- [What to work on]:
Copy out, from the data, each line containing the string "bathroom".

....

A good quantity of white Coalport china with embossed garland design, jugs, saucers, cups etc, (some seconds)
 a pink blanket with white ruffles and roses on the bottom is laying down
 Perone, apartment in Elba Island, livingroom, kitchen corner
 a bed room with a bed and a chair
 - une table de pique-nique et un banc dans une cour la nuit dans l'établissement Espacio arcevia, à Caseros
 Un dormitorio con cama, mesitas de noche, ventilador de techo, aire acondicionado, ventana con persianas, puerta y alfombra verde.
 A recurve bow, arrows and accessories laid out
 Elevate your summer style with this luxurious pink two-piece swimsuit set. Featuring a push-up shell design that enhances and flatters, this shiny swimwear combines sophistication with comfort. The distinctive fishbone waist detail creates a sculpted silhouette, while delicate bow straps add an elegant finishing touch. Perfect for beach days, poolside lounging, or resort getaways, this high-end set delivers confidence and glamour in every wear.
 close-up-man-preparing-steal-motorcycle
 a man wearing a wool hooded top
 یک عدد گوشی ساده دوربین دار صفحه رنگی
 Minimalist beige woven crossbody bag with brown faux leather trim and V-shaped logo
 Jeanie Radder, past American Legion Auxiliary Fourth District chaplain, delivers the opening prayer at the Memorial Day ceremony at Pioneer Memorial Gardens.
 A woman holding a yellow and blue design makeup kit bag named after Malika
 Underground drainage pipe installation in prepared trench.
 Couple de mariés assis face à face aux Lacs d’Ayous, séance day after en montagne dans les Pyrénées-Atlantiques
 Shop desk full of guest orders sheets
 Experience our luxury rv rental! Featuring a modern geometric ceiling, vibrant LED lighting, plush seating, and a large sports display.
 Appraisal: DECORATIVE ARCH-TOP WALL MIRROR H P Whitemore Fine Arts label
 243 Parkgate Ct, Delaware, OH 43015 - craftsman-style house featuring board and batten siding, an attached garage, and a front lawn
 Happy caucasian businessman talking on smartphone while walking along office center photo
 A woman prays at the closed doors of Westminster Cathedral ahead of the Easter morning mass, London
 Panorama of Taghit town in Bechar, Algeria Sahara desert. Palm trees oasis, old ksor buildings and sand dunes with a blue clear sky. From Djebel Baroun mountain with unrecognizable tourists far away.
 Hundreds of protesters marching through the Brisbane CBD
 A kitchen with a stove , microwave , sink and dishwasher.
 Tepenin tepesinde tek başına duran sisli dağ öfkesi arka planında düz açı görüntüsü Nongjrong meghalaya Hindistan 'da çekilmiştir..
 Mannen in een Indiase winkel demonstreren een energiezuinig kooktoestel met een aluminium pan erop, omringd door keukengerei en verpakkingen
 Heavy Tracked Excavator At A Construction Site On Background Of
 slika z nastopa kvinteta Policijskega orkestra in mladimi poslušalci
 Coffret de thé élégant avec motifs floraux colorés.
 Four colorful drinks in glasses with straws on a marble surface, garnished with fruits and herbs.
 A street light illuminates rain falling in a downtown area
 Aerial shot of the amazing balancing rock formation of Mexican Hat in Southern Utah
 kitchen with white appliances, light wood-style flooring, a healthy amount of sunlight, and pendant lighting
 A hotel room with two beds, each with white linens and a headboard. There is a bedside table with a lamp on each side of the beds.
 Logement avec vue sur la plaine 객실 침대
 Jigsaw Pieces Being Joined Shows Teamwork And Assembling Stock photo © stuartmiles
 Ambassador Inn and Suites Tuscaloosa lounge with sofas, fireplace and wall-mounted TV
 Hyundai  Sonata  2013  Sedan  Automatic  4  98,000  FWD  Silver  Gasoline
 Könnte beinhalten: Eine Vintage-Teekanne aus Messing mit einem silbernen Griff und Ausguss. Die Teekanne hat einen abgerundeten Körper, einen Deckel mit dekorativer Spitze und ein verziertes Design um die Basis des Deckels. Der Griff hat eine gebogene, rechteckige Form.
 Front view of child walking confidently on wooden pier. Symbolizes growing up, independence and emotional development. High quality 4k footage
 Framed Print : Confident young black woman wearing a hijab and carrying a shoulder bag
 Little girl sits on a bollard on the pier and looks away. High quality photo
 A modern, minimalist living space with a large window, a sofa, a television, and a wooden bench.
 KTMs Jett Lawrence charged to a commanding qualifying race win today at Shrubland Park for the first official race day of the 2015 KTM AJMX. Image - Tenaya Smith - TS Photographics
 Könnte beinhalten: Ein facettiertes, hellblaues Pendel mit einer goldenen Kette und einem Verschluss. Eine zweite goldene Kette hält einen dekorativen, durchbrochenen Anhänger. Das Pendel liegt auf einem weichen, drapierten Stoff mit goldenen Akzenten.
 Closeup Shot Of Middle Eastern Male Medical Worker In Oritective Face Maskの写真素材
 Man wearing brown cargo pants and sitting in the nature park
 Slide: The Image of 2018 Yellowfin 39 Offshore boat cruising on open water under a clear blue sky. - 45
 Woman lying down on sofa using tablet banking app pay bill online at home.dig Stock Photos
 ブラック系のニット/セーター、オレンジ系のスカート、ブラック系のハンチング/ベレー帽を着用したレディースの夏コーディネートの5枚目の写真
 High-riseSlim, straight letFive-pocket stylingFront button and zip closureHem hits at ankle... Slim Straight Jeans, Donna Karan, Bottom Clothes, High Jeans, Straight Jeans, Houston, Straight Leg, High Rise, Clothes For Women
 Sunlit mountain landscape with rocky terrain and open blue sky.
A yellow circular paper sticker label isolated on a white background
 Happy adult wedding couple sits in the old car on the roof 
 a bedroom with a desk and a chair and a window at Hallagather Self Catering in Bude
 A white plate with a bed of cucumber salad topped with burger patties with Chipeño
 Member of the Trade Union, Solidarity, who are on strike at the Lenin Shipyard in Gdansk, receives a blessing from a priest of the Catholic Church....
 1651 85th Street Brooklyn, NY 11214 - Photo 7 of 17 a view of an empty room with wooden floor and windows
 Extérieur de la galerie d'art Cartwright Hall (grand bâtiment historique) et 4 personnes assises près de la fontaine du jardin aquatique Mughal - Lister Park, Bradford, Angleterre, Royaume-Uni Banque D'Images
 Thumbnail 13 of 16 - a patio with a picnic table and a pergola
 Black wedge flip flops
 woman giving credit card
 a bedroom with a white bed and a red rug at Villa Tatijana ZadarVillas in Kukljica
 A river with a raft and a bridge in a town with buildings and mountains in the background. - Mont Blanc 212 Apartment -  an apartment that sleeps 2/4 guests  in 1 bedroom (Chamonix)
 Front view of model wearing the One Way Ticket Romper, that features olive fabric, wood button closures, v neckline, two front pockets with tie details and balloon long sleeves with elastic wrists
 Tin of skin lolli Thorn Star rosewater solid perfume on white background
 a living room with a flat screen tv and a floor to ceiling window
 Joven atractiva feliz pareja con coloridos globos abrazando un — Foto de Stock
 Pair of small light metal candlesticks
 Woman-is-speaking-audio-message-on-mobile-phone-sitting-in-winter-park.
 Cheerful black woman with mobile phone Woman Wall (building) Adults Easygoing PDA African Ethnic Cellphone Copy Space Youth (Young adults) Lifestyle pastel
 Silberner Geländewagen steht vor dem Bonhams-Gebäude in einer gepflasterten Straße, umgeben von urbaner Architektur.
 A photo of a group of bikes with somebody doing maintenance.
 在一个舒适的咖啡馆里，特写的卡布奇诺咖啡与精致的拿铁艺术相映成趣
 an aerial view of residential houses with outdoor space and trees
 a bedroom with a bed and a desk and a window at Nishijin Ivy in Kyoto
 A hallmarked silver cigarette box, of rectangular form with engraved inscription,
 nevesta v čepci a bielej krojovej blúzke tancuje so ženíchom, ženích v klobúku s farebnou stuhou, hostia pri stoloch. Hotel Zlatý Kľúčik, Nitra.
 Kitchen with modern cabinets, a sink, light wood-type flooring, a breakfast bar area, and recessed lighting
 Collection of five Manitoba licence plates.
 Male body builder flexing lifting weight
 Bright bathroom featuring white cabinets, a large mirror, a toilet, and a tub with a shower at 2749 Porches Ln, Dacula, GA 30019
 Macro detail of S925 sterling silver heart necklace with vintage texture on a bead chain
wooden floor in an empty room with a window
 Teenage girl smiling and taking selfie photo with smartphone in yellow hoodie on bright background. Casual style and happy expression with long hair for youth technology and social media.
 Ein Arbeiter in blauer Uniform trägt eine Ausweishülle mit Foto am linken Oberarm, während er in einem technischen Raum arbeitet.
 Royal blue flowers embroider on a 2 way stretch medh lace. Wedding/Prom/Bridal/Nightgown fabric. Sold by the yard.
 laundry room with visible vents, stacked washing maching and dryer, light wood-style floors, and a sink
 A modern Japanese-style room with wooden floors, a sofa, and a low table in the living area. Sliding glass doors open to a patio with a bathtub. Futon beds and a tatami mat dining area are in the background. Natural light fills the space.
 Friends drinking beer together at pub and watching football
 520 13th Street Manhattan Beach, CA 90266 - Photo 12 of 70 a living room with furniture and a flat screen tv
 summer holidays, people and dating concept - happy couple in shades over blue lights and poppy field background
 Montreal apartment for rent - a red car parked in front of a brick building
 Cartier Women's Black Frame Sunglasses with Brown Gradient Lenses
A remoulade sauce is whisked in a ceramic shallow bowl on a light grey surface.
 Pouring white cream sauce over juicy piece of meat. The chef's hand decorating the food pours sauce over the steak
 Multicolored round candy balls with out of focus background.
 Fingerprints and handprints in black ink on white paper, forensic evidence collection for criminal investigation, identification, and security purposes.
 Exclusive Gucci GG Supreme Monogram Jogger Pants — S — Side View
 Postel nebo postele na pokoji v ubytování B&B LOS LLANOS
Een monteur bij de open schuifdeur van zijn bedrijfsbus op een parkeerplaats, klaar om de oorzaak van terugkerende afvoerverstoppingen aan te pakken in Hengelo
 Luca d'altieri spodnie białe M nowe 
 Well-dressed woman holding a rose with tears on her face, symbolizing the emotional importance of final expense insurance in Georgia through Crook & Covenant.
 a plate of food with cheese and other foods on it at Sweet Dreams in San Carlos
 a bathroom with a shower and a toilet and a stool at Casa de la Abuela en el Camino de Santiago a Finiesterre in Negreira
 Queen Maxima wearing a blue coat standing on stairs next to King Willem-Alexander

....

- [Answer section]:
 Bright bathroom featuring white cabinets, a large mirror, a toilet, and a tub with a shower at 2749 Porches Ln, Dacula, GA 30019
 a bathroom with a shower and a toilet and a stool at Casa de la Abuela en el Camino de Santiago a Finiesterre in Negreira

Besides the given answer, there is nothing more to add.